Below are the records; extract from them the line containing "Tommas_Jhonson – Naživo XXX chat" to the line containing "Al-Qur’an Sebagai Penyembuh", both lines included, exactly and with no pictures.

MATERIAL SHOWN:
=== Begin Enclosure ===
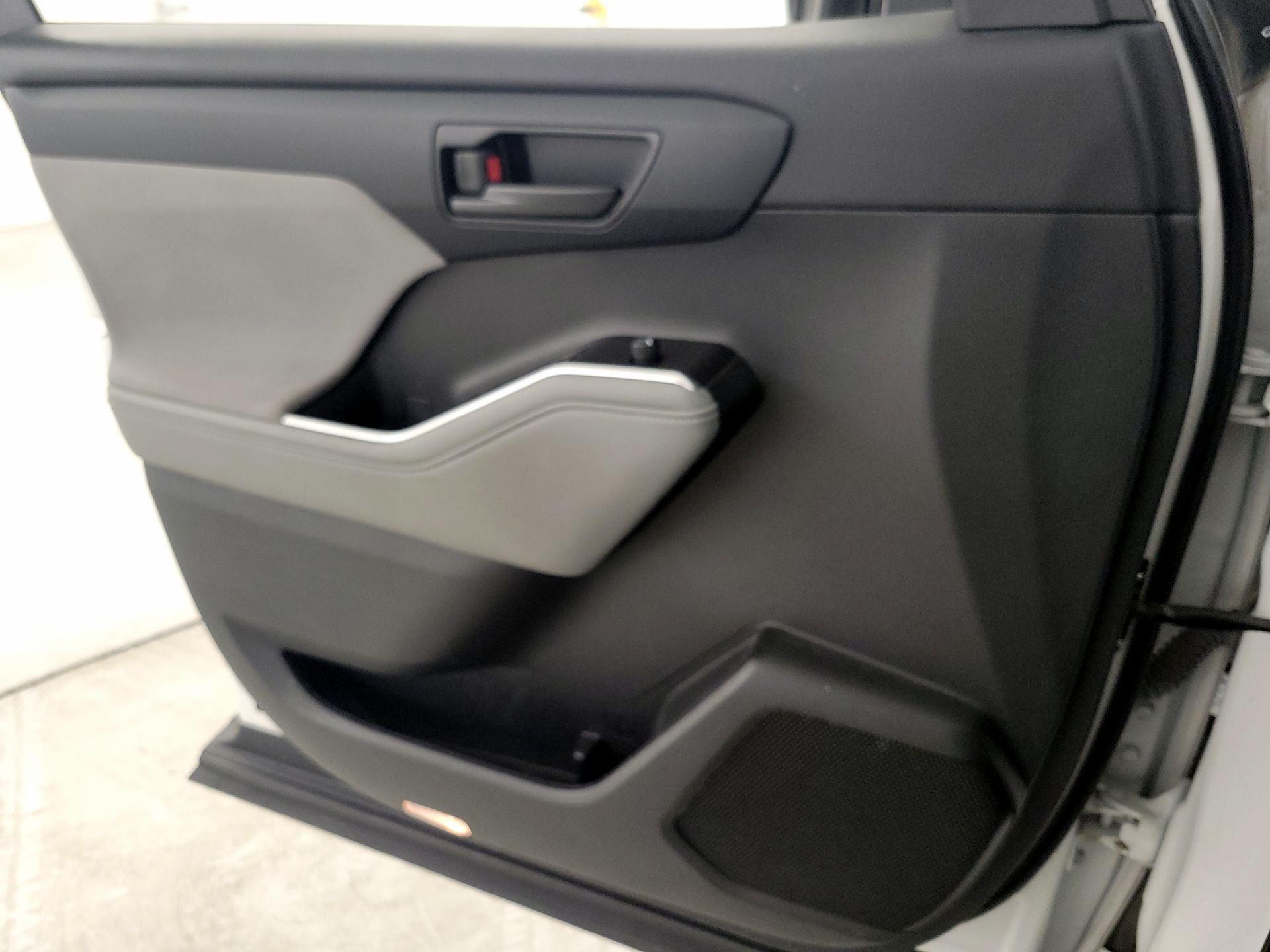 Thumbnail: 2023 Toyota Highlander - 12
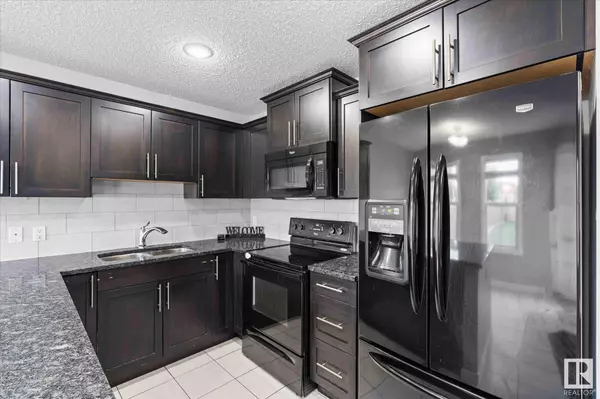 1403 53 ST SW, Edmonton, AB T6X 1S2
=== End Enclosure ===
=== Begin Enclosure ===
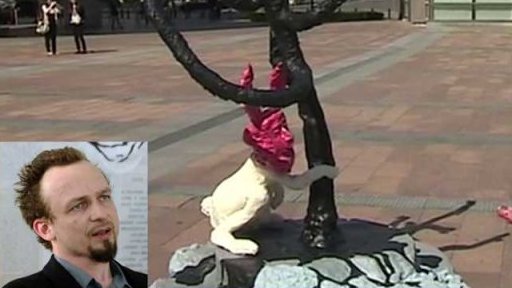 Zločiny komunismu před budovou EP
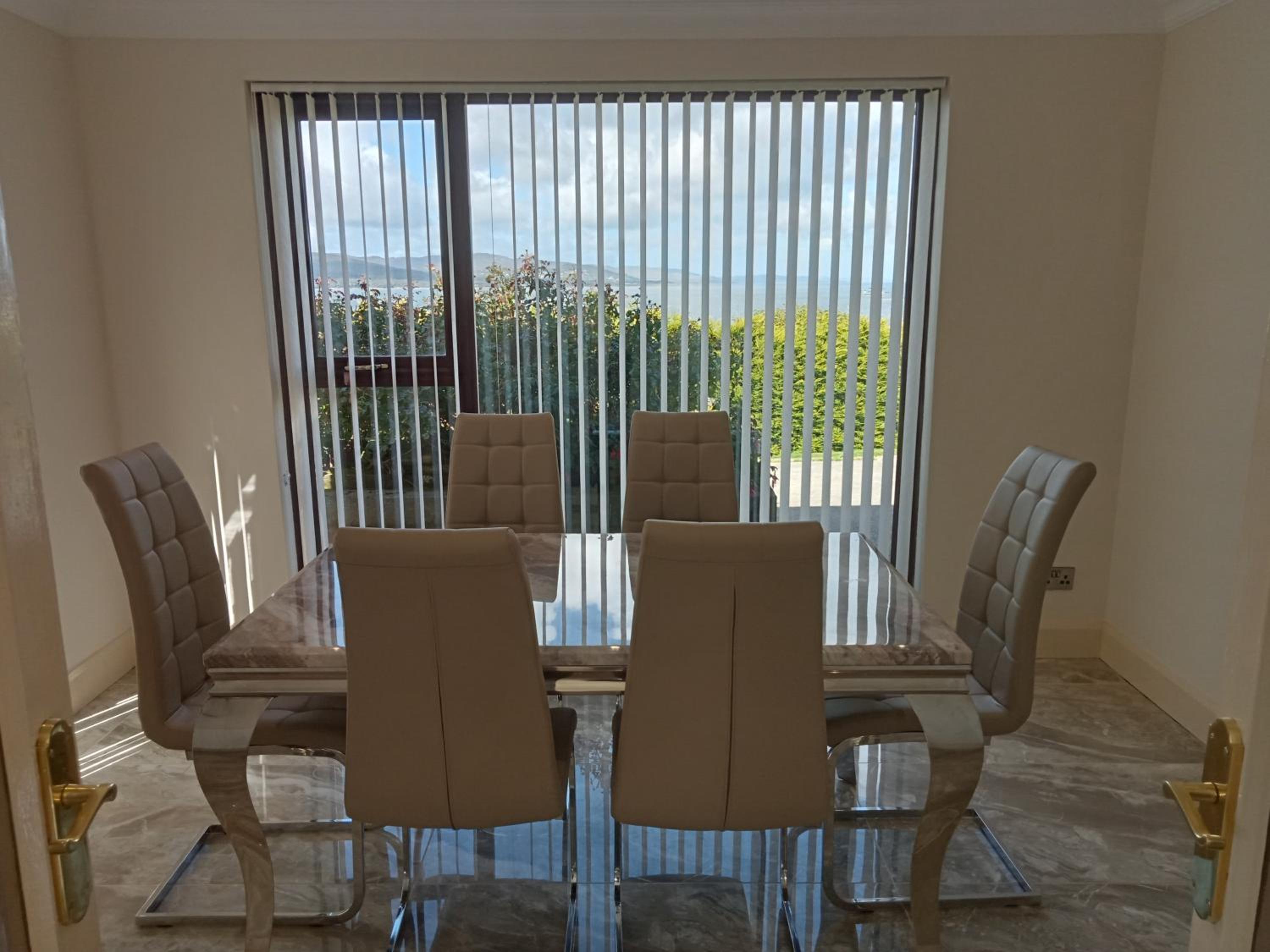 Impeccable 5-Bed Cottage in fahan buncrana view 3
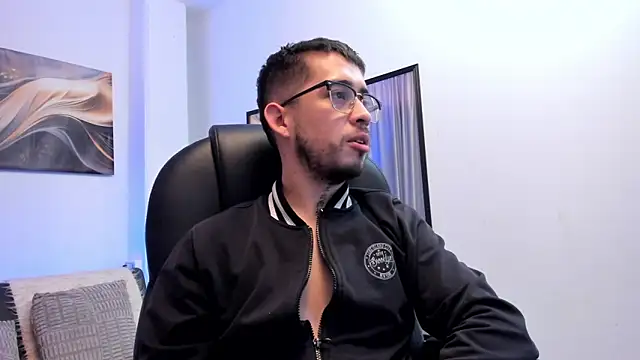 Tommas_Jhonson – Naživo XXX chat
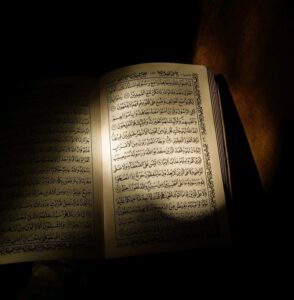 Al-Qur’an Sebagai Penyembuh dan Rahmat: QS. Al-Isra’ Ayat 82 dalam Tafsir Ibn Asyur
=== End Enclosure ===
=== Begin Enclosure ===
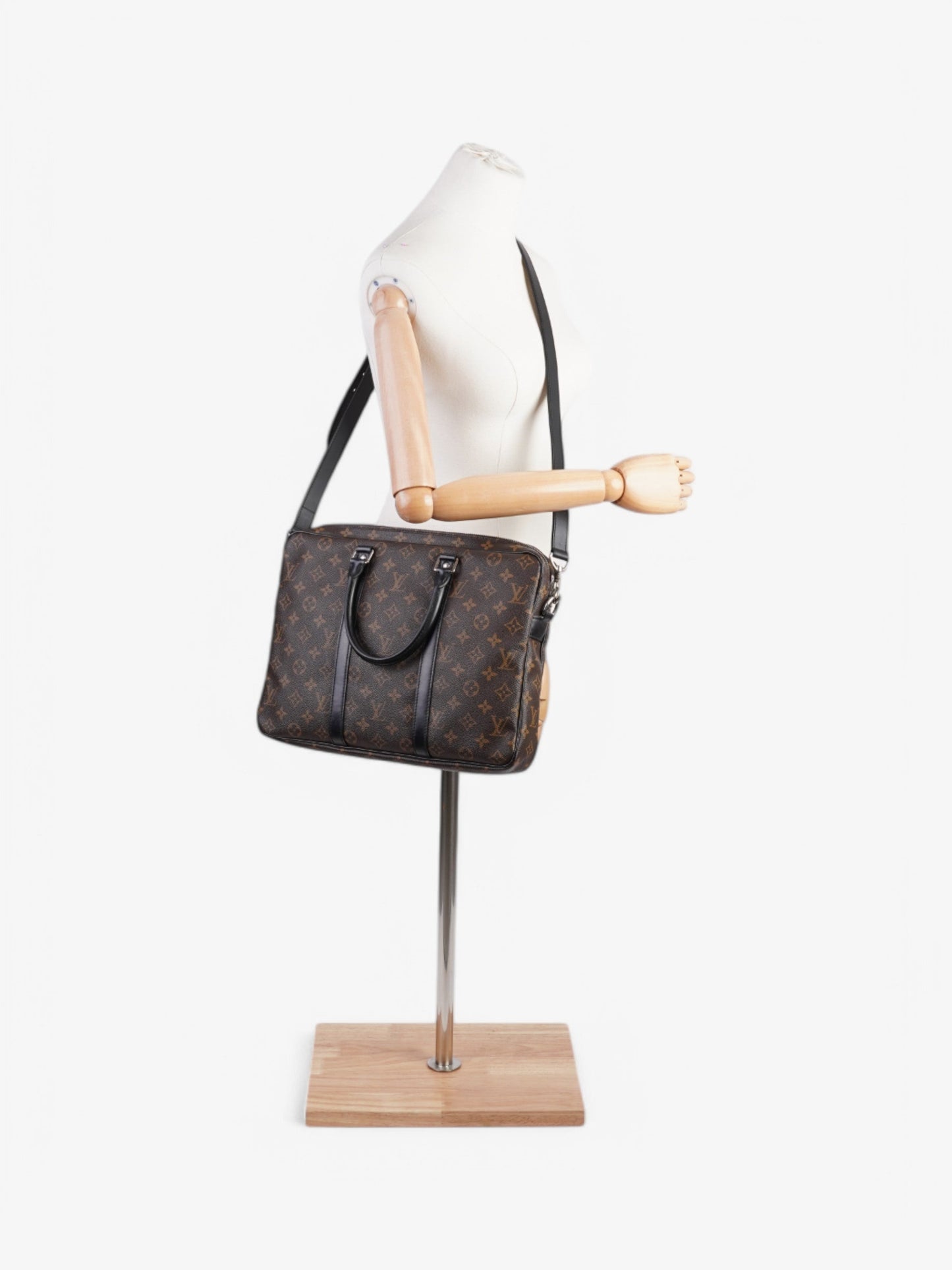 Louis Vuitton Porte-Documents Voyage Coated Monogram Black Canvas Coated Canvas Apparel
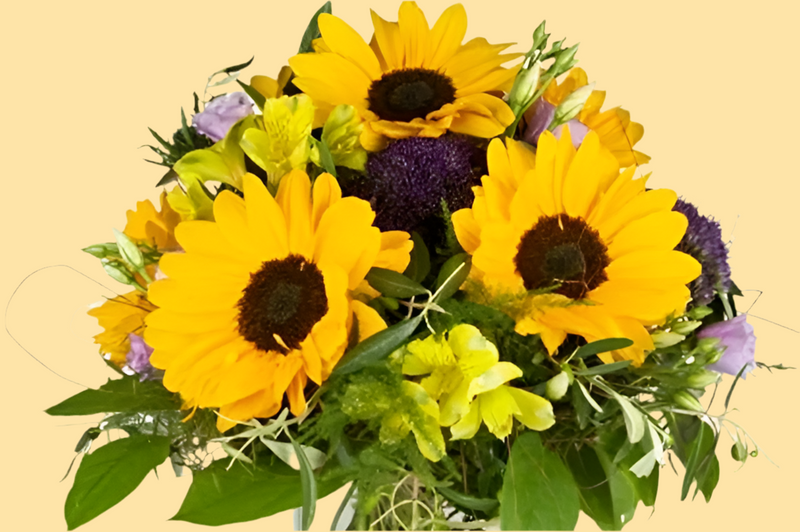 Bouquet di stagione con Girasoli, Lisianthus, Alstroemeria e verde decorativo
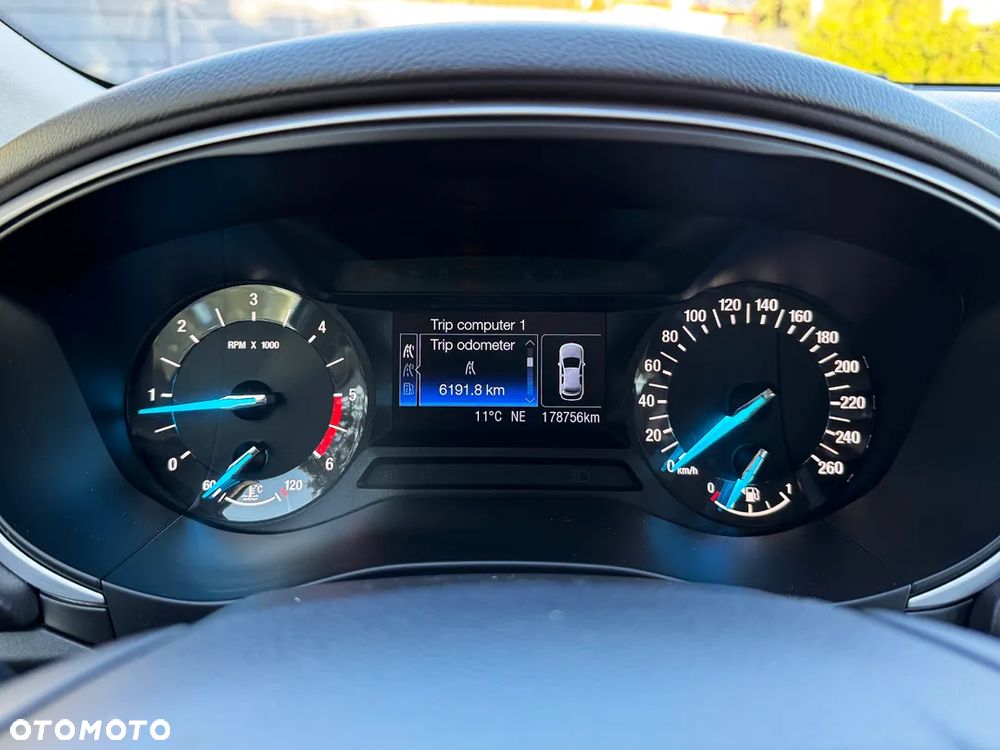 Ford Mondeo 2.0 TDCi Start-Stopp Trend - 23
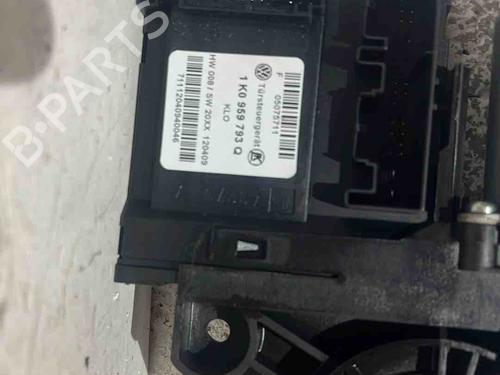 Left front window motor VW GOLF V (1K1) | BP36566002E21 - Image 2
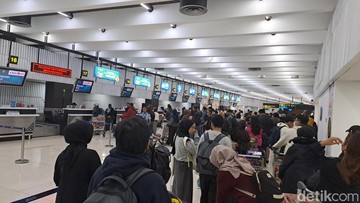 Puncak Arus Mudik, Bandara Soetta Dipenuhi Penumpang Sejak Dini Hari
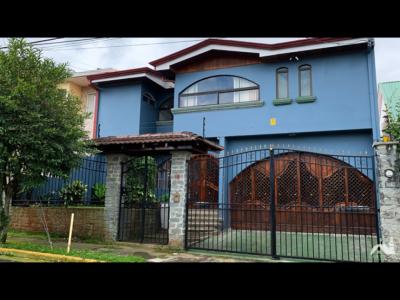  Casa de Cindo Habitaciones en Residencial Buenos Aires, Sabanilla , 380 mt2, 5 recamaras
=== End Enclosure ===
RESPONSE BELOW:
 Tommas_Jhonson – Naživo XXX chat
 Al-Qur’an Sebagai Penyembuh dan Rahmat: QS. Al-Isra’ Ayat 82 dalam Tafsir Ibn Asyur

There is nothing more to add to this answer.